Ferhan Şensoy, Türk tiyatrosunun gelmiş geçmiş en büyük isimlerinden biri olmasının yanında, aynı zamanda iyi bir yazardı. Kazancı Yokuşu, Ferhantoloji ve Kalemimin Sapını Gülle Donattım kitaplarını keyifle okudum. 

 

Büyük usta sinemaya da büyük katkılar sunmuştur.

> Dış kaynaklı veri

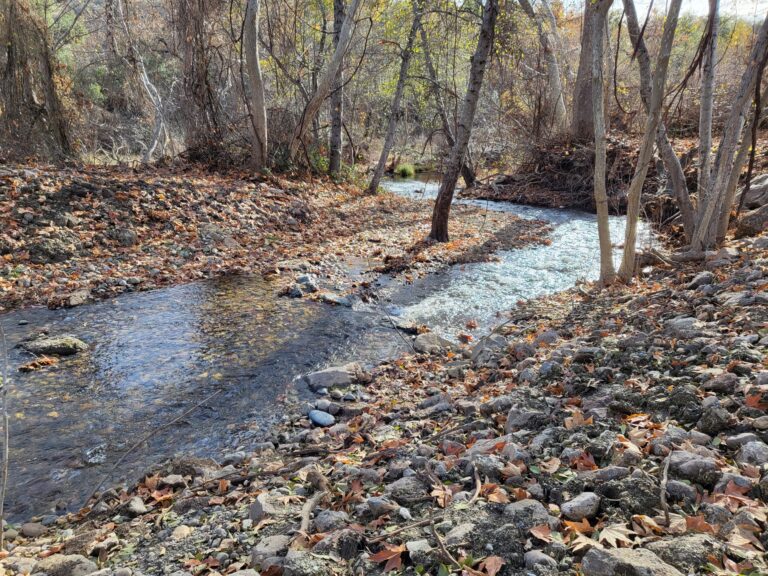 Trip Report: Sacramento River Bend Area Field Trip (December 2024)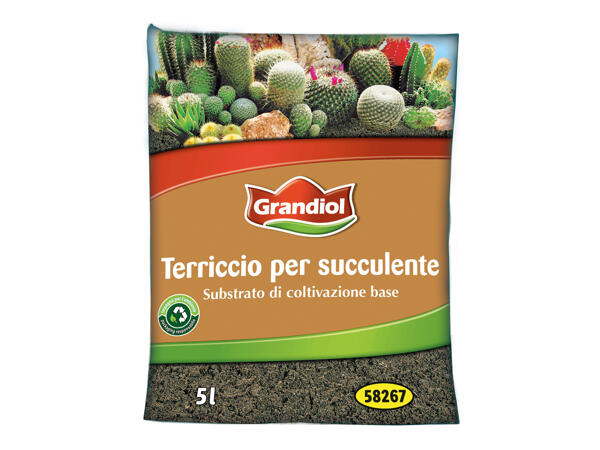 Soil for Succulents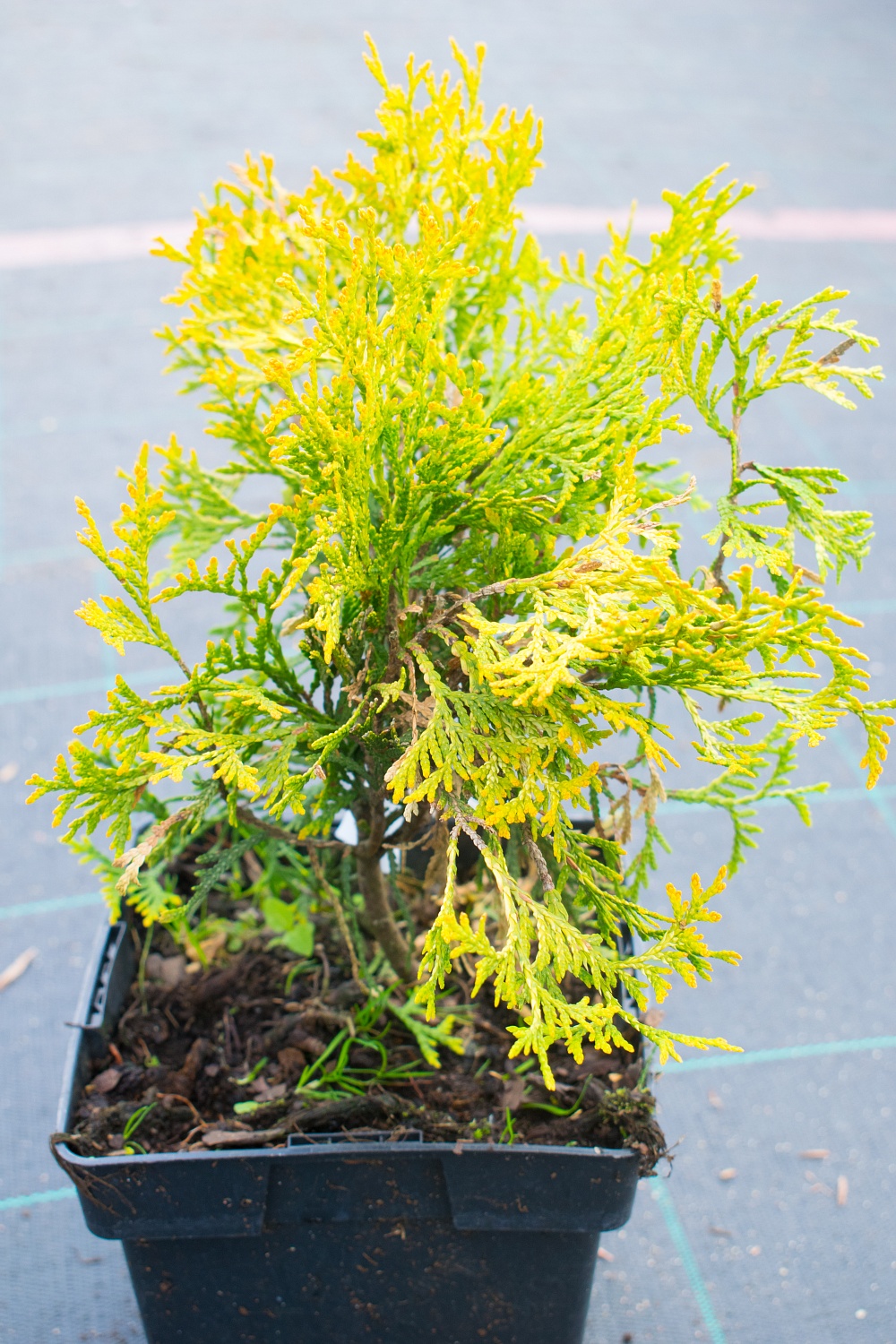 Туя западная  "Golden Globe"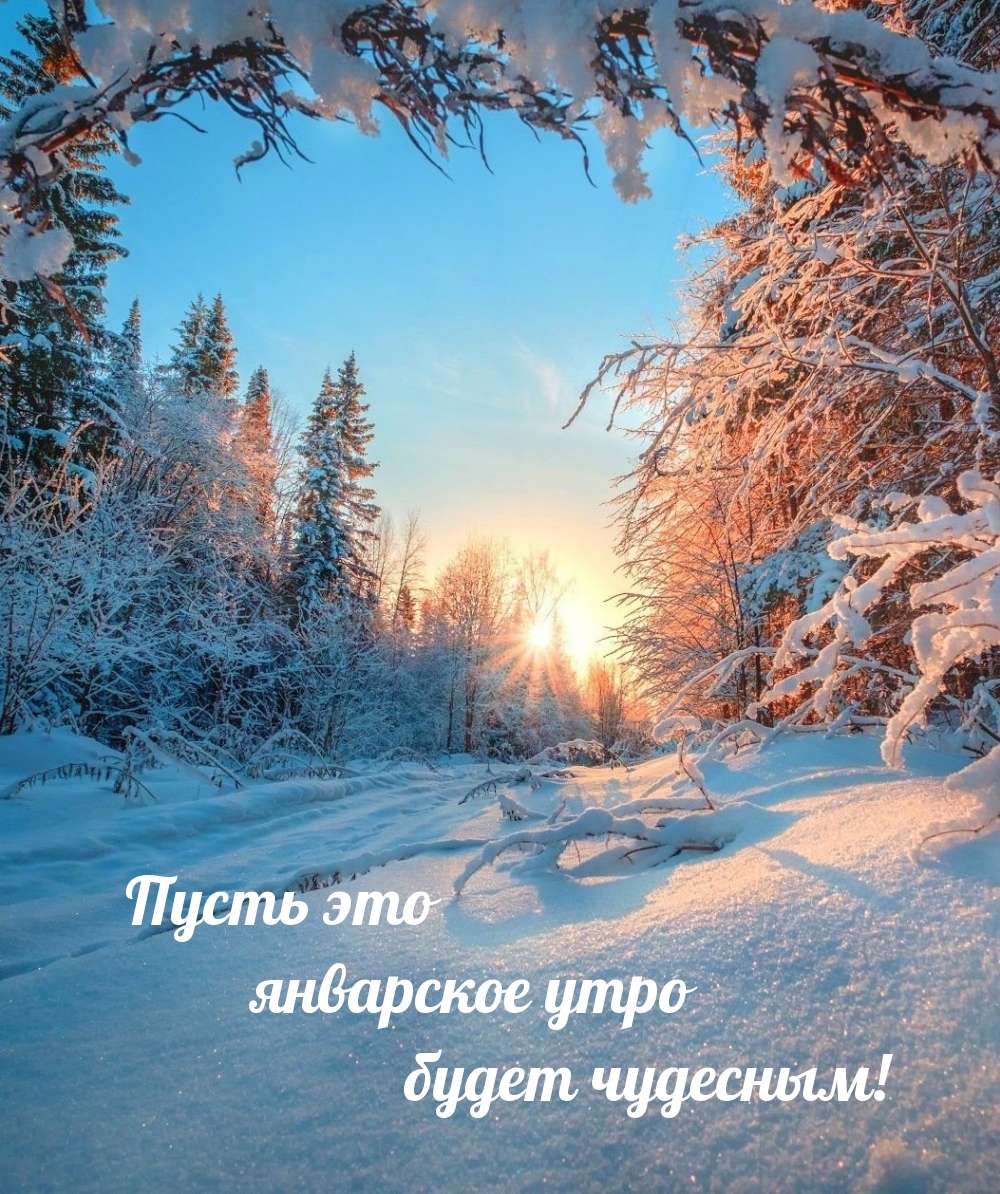 Пусть это январское утро будет чудесным!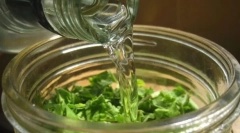 Правила за употреба на тинктура и скаларен црввуд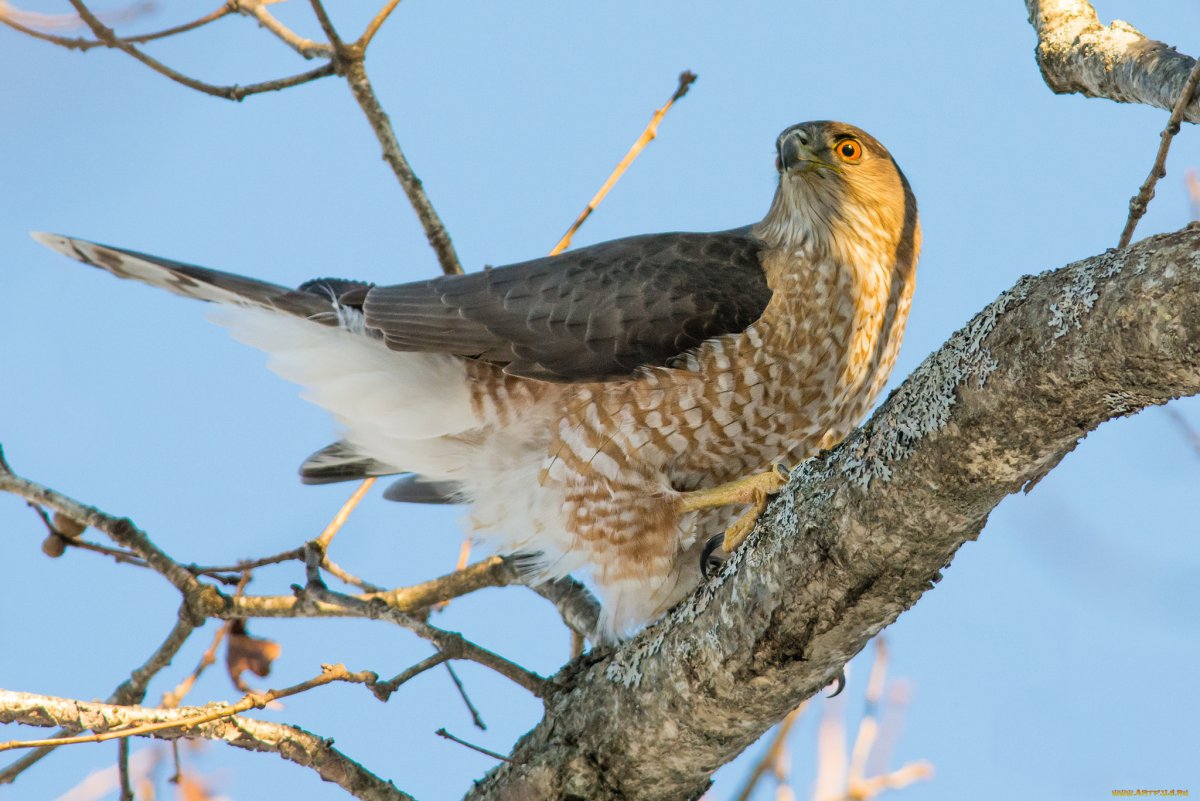 Хищные ночные птицы Подмосковья
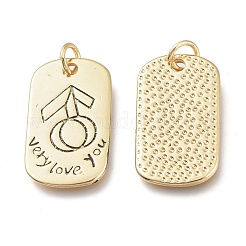 Messing Anhänger & Charms&nbsp;KK-M214-07G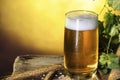 Glass of beer, hop cones, ears of barley Royalty Free Stock Photo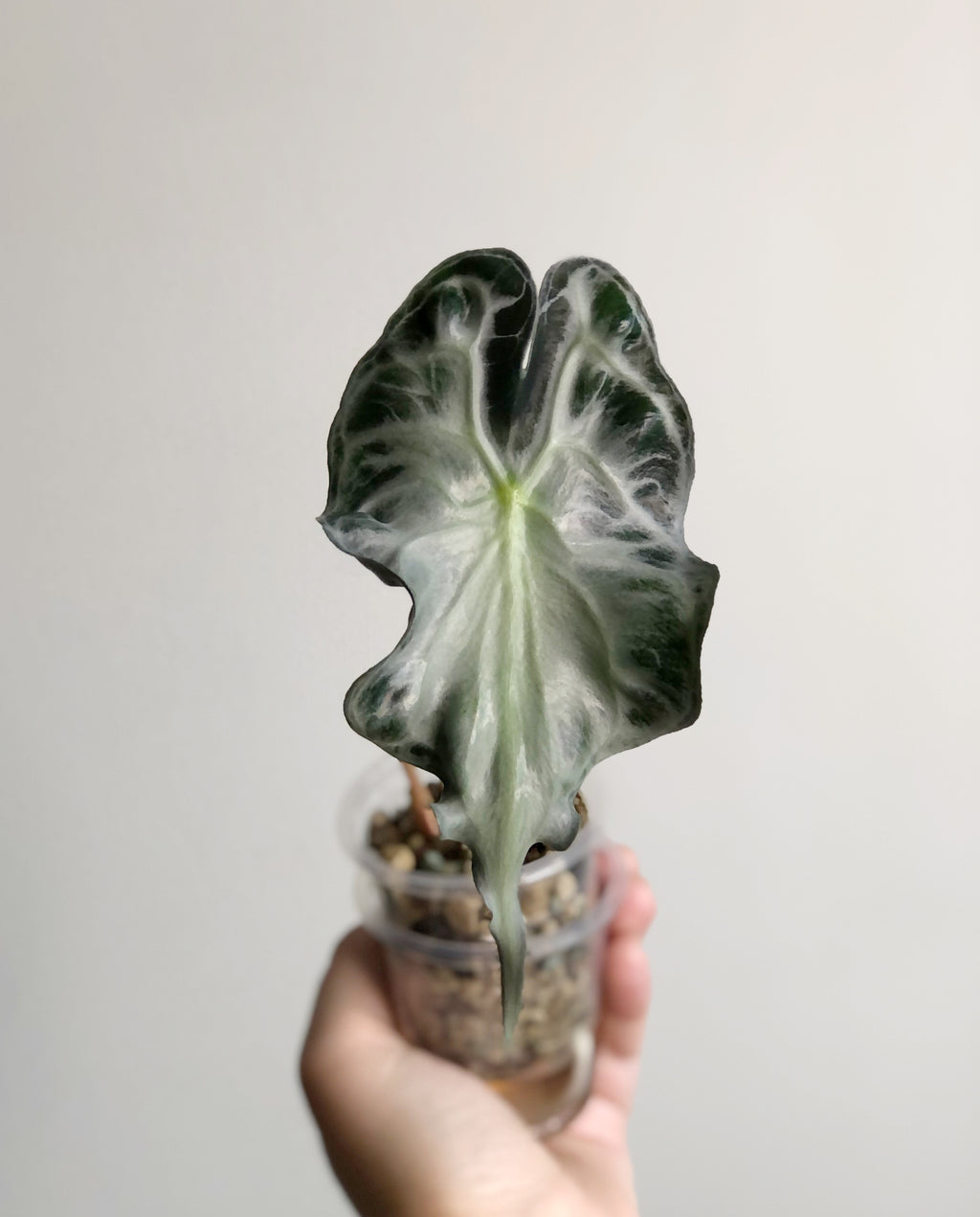 Alocasia Venom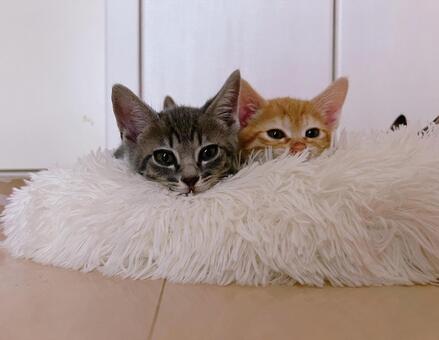 Sho&Jun 子猫,ふわふわ,もこもこの写真素材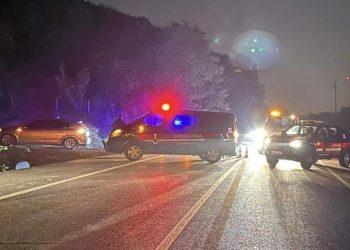 At sürüsüne çarpan araba zincirleme kazaya neden oldu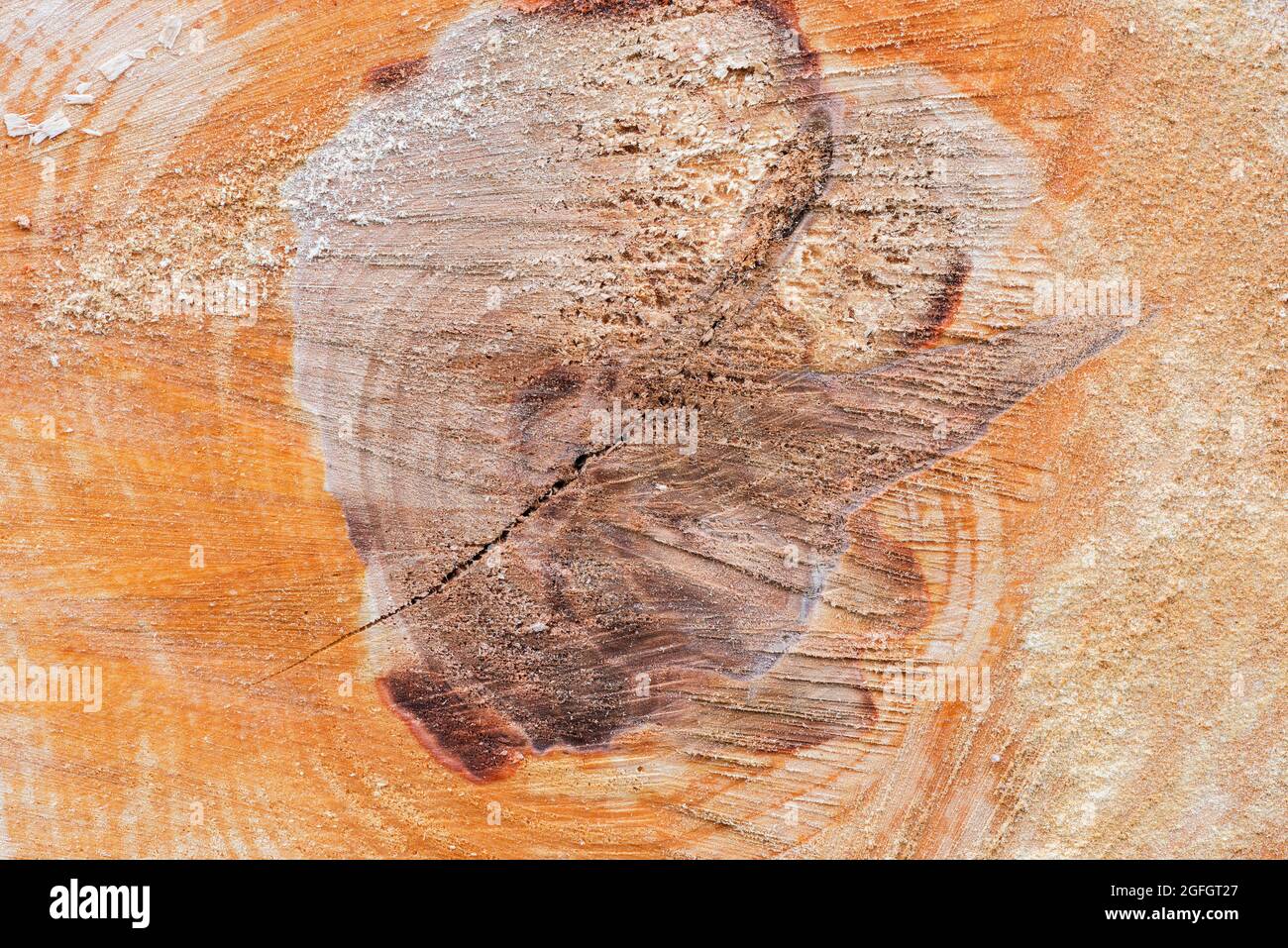Stück Holz Holz natürlichen Hintergrund. Stockfoto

Çekimlerini Sinop'ta tamamladığı Pardon filmi, politik komedi türünün ülkemizdeki en başarılı örneklerinden biridir. 

 

Galatasaray Lisesi'nden uzaklaştırıldıktan sonra lise son sınıfı Çarşamba Lisesi'nde okuyup, buradan mezun olmuştur. Tiyatro eğitimini Fransa'da almış olmasına rağmen özünden kopmamış, eserlerinde kendi toprağını anlatmış, şehrinin yerel ağzına da yer vermiştir. 

 

Dilini kullanma becerisi muazzamdır. Kelimeleri oyun hamuru gibi şekilden şekile sokarak özgün bir tarz yakalamıştır. Dilimize pek çok kelime ve ifade kazandırmıştır. 

 

Ülkemiz ve şehrimiz büyük bir değerini kaybetti. Sevenlerine baş sağlığı diliyorum. 

 

"Düşten de mor bir aşkı yaşadın da gittin yar,

Bir gittin ki sus oldu, pusa büründü hisar.

 

Bir vapur dumanıyla sanki gelecek gibi,

Bir gün gelecek elbet, ütopyalar güzeldir.

 

Onu bana verseler, vermeseler ne yazar

Ben bir kadın sevdim ki, evim artık gül kokar.

 

Bir vapur dumanıyla sanki gelecek gibi,

Bir gün gelecek elbet, ütopyalar güzeldir."